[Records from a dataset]
++++++++
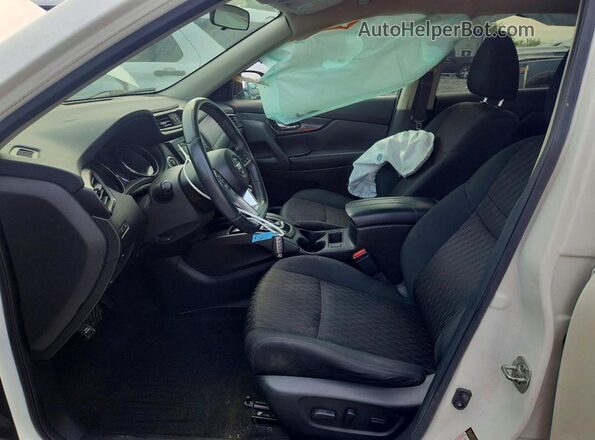 5N1AT2MV9JC734077 2018 NISSAN ROGUE White Front interior view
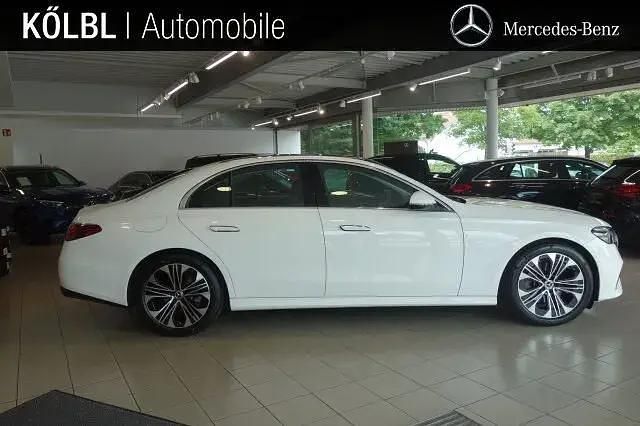 Unilack polarweiß Gebraucht 2024 Mercedes E220 Avantgarde Limousine | 48.880 € (Guter Preis) - Bild 1/4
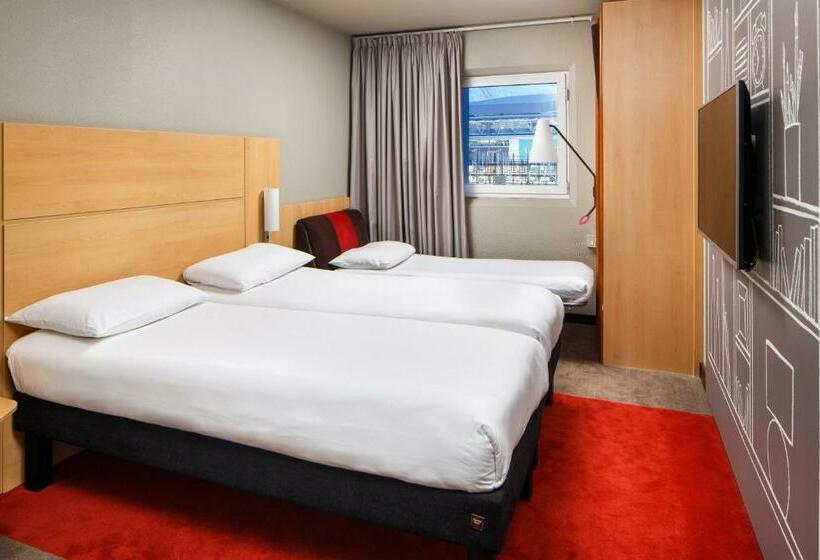 家庭间, Ibis London Wembley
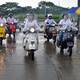 Aficionados a motos Vespa en Guayaquil se unen para rodar por varias rutas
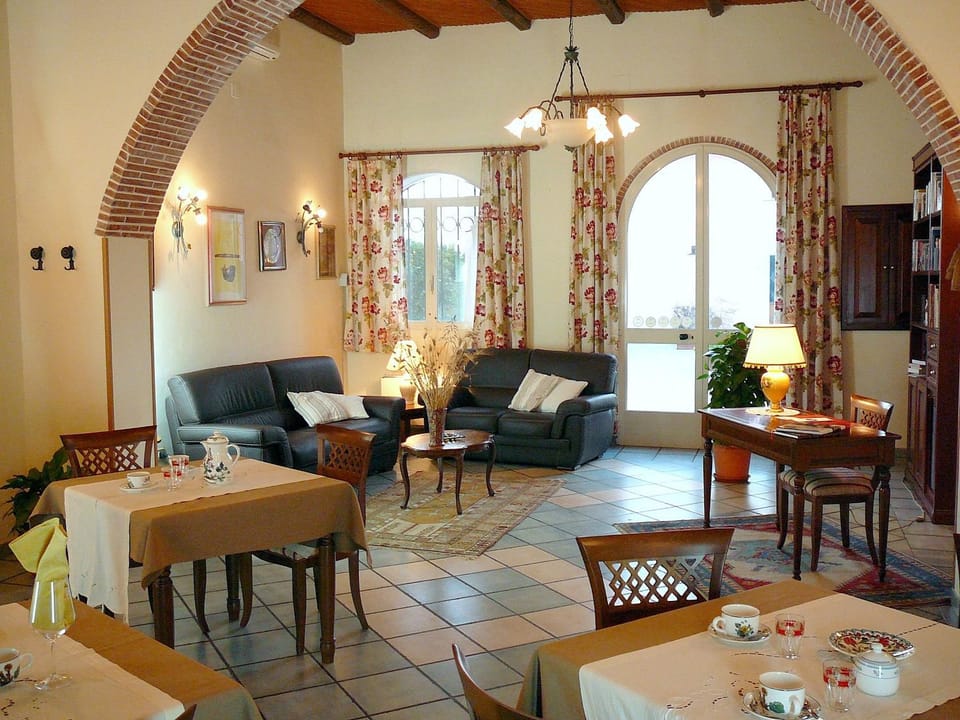 Library, Lounge or bar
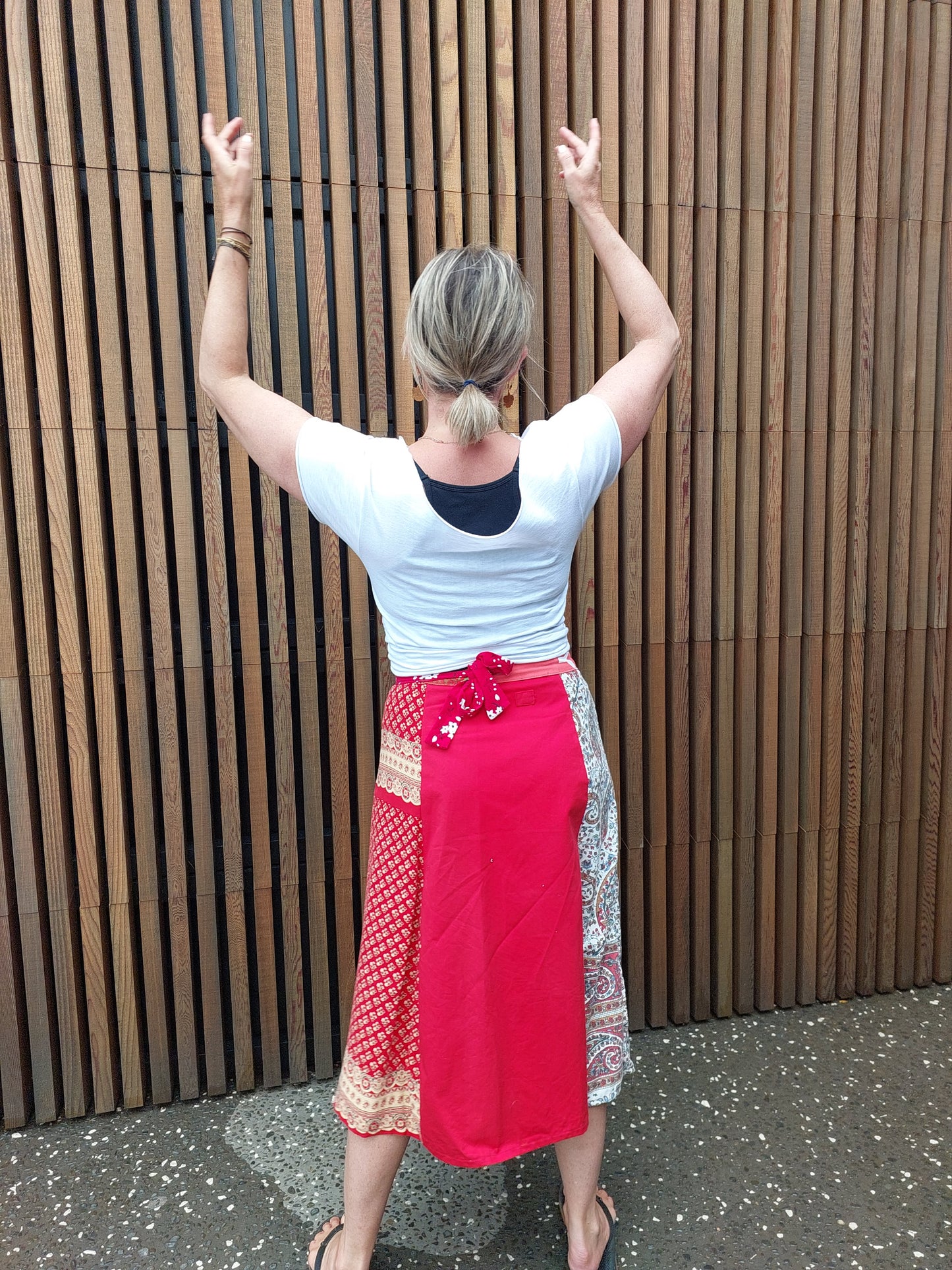 LONG wrap skirt red and batik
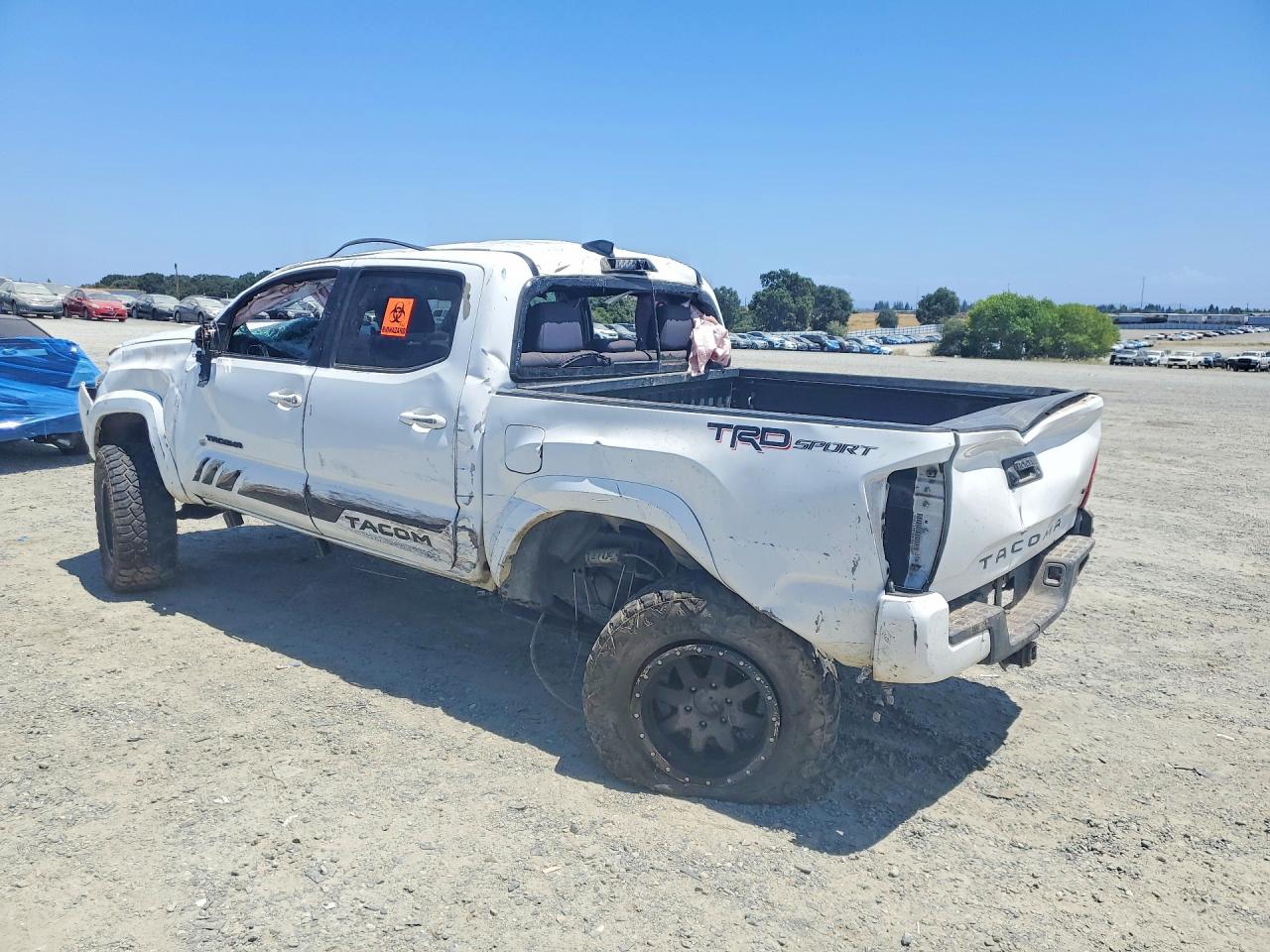 3TMAZ5CN4HM033011 · 2017 TOYOTA TACOMA · 2/12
++++++++
» **Exercise objective**: All lines from the one bearing "Aficionados a motos" through the last line of the records, and only those, should be duplicated exactly; no picture belongs in the copy.

» **Answer for this exercise**:
 Aficionados a motos Vespa en Guayaquil se unen para rodar por varias rutas
 Library, Lounge or bar
 LONG wrap skirt red and batik
 3TMAZ5CN4HM033011 · 2017 TOYOTA TACOMA · 2/12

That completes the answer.